▶ _What you should do_
Beneath this line are the data; copy exactly the part of them that opens with the line containing "Image: timetable: Air Portugal" and closes with the line containing "Tallinn Estland Retro", and only that part.
##### Entries provided
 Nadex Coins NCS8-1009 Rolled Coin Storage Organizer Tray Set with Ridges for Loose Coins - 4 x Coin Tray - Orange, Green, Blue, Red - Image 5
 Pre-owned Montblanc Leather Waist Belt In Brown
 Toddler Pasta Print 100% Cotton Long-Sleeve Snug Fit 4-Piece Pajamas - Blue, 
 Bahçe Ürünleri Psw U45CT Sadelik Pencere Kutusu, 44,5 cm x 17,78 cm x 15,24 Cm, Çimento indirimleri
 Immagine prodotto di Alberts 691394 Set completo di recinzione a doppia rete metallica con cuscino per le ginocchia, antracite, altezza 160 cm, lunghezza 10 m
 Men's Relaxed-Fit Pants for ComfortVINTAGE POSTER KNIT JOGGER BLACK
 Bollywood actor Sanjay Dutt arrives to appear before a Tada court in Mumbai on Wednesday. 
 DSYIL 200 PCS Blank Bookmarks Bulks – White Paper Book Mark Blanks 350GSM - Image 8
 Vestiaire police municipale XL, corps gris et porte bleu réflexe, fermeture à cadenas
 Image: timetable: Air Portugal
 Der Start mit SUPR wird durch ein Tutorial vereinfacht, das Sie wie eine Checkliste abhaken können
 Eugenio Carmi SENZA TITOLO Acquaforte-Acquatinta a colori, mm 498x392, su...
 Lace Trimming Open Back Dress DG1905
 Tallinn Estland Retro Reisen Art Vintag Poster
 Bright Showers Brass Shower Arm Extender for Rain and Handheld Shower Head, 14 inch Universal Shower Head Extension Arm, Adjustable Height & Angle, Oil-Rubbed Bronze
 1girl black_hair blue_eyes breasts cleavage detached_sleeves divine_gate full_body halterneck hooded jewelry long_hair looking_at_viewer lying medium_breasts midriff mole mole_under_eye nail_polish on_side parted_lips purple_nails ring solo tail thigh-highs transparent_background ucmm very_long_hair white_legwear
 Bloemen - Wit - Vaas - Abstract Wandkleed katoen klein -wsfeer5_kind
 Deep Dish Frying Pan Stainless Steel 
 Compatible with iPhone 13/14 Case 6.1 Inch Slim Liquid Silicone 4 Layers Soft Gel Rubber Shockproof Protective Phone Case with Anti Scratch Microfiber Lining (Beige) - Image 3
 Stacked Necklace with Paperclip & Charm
##########
▶ _Solution to this exercise_
 Image: timetable: Air Portugal
 Der Start mit SUPR wird durch ein Tutorial vereinfacht, das Sie wie eine Checkliste abhaken können
 Eugenio Carmi SENZA TITOLO Acquaforte-Acquatinta a colori, mm 498x392, su...
 Lace Trimming Open Back Dress DG1905
 Tallinn Estland Retro Reisen Art Vintag Poster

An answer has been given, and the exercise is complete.